(Dataset excerpts)
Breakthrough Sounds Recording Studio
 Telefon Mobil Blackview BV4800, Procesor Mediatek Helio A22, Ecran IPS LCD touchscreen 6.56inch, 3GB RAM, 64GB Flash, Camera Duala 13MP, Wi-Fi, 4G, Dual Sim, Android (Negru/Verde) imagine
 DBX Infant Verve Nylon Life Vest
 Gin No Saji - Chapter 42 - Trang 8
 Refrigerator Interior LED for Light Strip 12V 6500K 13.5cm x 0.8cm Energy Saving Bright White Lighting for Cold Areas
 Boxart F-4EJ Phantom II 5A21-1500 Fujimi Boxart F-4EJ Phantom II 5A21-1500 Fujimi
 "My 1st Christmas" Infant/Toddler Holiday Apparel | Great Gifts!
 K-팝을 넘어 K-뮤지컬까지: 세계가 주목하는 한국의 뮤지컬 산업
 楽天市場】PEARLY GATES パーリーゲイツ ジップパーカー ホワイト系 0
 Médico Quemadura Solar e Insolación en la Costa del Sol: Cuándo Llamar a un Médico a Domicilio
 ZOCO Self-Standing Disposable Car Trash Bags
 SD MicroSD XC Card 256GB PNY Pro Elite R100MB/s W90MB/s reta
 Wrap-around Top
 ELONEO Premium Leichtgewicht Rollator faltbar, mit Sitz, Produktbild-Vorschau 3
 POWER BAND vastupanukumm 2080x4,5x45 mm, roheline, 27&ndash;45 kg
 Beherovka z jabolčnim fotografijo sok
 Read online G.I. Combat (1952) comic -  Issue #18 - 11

**The task:**
Lines from the one with "SD MicroSD XC" through the end of the data: set these down exactly, including both ends and nothing more.

**Output for this task:**
 SD MicroSD XC Card 256GB PNY Pro Elite R100MB/s W90MB/s reta
 Wrap-around Top
 ELONEO Premium Leichtgewicht Rollator faltbar, mit Sitz, Produktbild-Vorschau 3
 POWER BAND vastupanukumm 2080x4,5x45 mm, roheline, 27&ndash;45 kg
 Beherovka z jabolčnim fotografijo sok
 Read online G.I. Combat (1952) comic -  Issue #18 - 11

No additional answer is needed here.